Le film raconte justement comment Patti n'est a priori à sa place nulle part, et parvient pourtant à s'intégrer partout parce qu'elle est désarmante de naturel, d'humour et d'intelligence. On est quelque part entre le film d'apprentissage (tous les personnages "grandissent" au cours du film, même les plus adultes) et le conte de fées en forme d'ode à la différence et à l'amitié. Et on a envie de croire à ce groupe de doux marginaux, de vibrer avec eux, et bien sûr de danser sur leurs créations. Car la musique apporte beaucoup de charme à l'ensemble, entre paroles décalées et rythmes accrocheurs.

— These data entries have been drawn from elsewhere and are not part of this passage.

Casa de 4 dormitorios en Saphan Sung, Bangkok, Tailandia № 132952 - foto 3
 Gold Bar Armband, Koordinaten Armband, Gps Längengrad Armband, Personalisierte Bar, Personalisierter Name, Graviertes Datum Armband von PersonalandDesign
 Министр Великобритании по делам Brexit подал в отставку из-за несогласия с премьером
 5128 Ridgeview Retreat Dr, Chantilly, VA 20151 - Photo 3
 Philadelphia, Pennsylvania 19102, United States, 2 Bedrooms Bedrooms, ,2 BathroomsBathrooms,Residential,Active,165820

Si la construction du scénario reste extrêmement classique, avec sa progression en dents de scie et son cheminement un peu trop prévisible, parfois même inutilement mélodramatique, Geremy Jasper se rattrape sur la forme, avec un montage très cut, des séquences ultra-oniriques, une multiplicité de styles et une énergie communicative qui gomme les longueurs et les maladresses. Il propose un Feel good movie attachant, déterminé, et plus profond qu'il n'y paraît dans son portrait d'une jeunesse pleine d'envies et d'aspirations, mais corsetée par les difficultés sociales et économiques. Le film, c'est vrai, n'échappe pas à la comparaison avec 8 mile de Curtis Hanson, sur l'émergence d'un rappeur blanc interprété par Eminem. Mais au-delà de la trame, l'approche est si rigoureusement différente que l'on oublie vite cette encombrante référence. Tout le mal qu'on peut souhaiter à Patti cakes, c'est juste d’en suivre le chemin et de devenir à son tour un classique du genre.